Bugünün dünyası sosyal medya, bilgisayar ve sanal dünyadan ibaret. Bu gerçeği kabul etmek zorundayız. Gençlerin bu dünyadan kopmalarını bekleyemeyiz. Ancak devlet de bu yeni çağın kurallarına göre hareket etmeli. Gençlerimizin nelerle karşılaştığını bilmek, onları koruyacak mekanizmalar oluşturmak zorunda. Denetimsiz bir sanal dünya, daha büyük facialara yol açabilir.

Sistem işlevsiz. Çünkü hastanelerde yalnızca prosedür uygulanıyor. Belki bu kişi de birçok yerde yalnızca imza attı, başka hiçbir şey yapılmadı. Aynı şey tekrar yaşanacak mı? Bu genç, sosyal medyanın karanlık köşelerinde neler gördü, kimlerden etkilendi?
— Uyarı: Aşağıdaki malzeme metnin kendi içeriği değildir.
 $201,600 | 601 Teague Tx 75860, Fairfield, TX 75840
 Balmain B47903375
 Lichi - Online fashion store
Kimse bilmiyor.

Daha önce de yazmıştım: Suç işleyen kişileri hapse atıyoruz, ama sonra ne oluyor? Üç ay yatıp çıkıyorlar, uyuşturucu kullananlar kısa süre sonra serbest kalıyor. Ancak onları topluma kazandırmak için hiçbir şey yapılmıyor. Bu katilde de aynısı oldu. Tedavi edilip salındı ama tehlikeli olduğu fark edilmedi.

Bu adam defalarca hastaneye gitmiş, fakat kimse "Bu adam cinayet işler" dememiş. Sağlık sistemi mi yetersiz, doktorlar mı ihmalkâr? İki genç kız öldürüldü, sonuç ortada. Ruh sağlığı tedavisinde bireyin tehlikeli olma potansiyeli mutlaka değerlendirilmeli. Ama bu yapılmadı ve iş işten geçtikten sonra hepimiz şoke olduk.
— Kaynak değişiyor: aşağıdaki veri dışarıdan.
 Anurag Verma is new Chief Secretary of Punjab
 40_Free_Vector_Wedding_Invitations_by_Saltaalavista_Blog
Suç işleyen biri ruh hastası bile olsa, toplum için tehlike arz ediyorsa, gereken cezayı almalı ve korunmasız bir şekilde toplum içine salınmamalı.

Bu olay bize açıkça gösterdi ki, sosyal medya ve sanal dünyaya göz yummak, büyük bir tehlikeye yol açıyor. Bu platformları yasaklamak çözüm değil. Gençlerin bu dünyaya bağımlı olduğunu kabul etmeli, devlet bu yeni çağa ayak uydurmalı ve denetim mekanizmasını iyi bir şekilde kurmalıdır. Aileler olarak biz de çocuklarımızı denetlemeli, ama devlet uyumamalı; toplumumuzun güvenliğini sağlamak için elinden geleni yapmalıdır. Aksi takdirde bu tehlikeler hepimizin kapısını çalmaya devam edecek.